• [Problem statement]
A verbatim copy of the data is wanted, minus any picture in it.

• [Dataset section]

◇ ◇ ◇ ◇ ◇

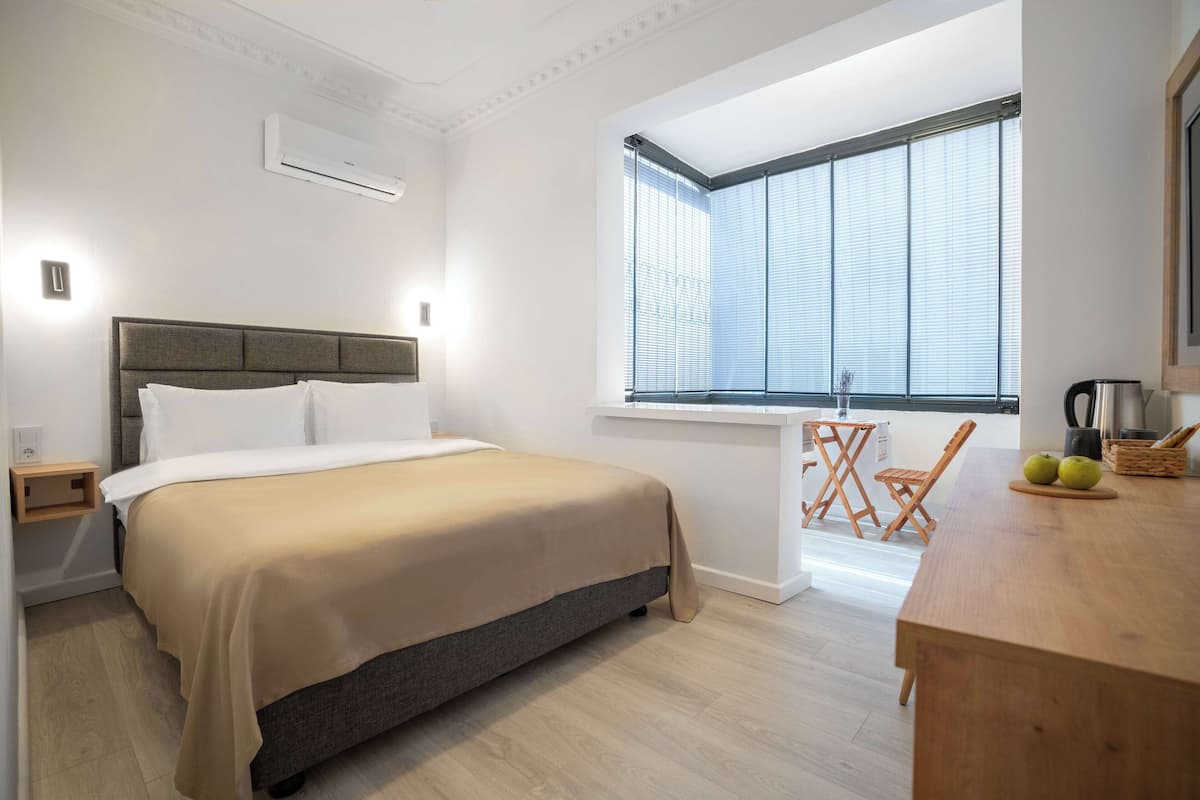 Ein modernes Schlafzimmer mit einem Bett, einem Nachttisch und einem Fenster mit Jalousien.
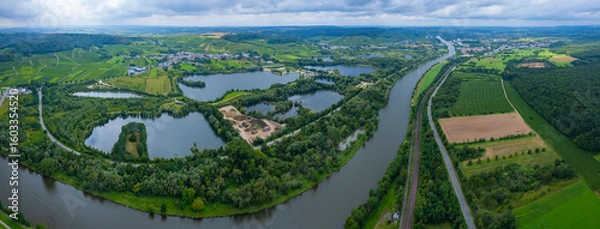 Fototapeta Aerial view of the village Remerschen and the river Mosel in Germany on a sunny spring day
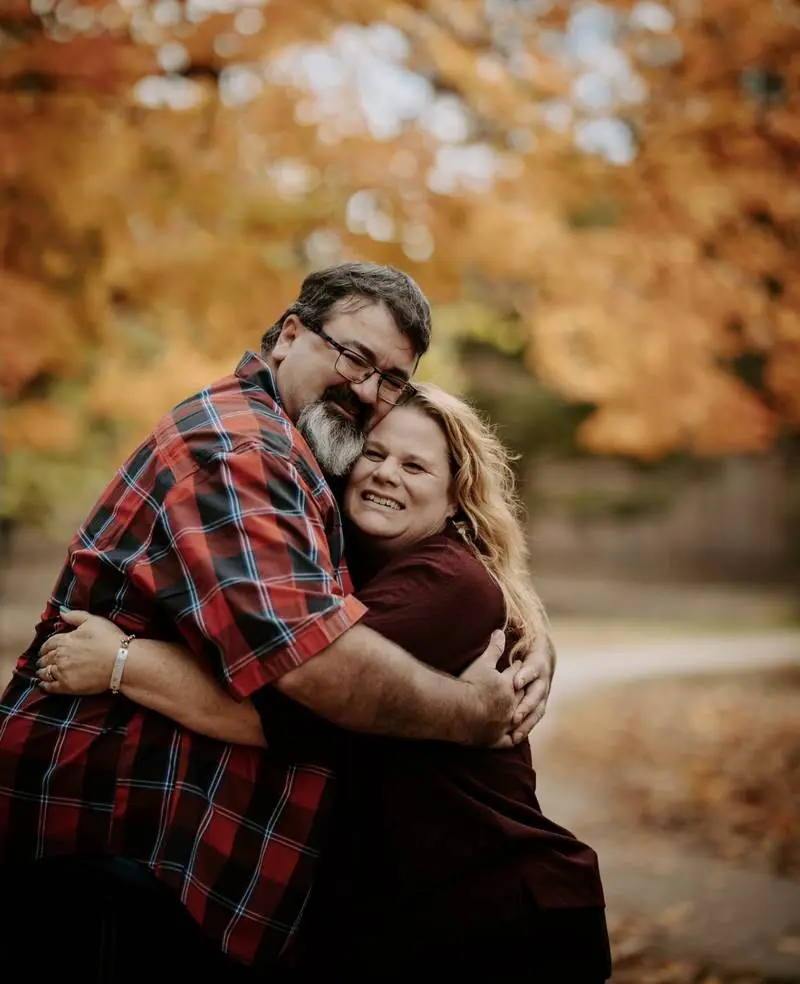 Couple hugging autumn orange trees fall session Oklahoma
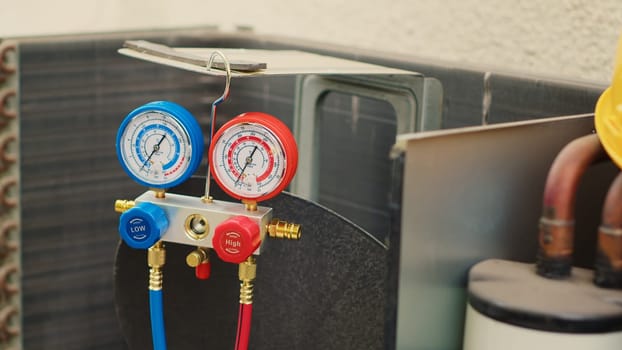 Dolly in close up shot of faulty pressure measurement device used for checking air conditioner refrigerant tank in need of fixing. Set of manifold indicators showing high or low freon levels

◇ ◇ ◇ ◇ ◇

• [Expected answer]
 Ein modernes Schlafzimmer mit einem Bett, einem Nachttisch und einem Fenster mit Jalousien.
 Fototapeta Aerial view of the village Remerschen and the river Mosel in Germany on a sunny spring day
 Couple hugging autumn orange trees fall session Oklahoma
 Dolly in close up shot of faulty pressure measurement device used for checking air conditioner refrigerant tank in need of fixing. Set of manifold indicators showing high or low freon levels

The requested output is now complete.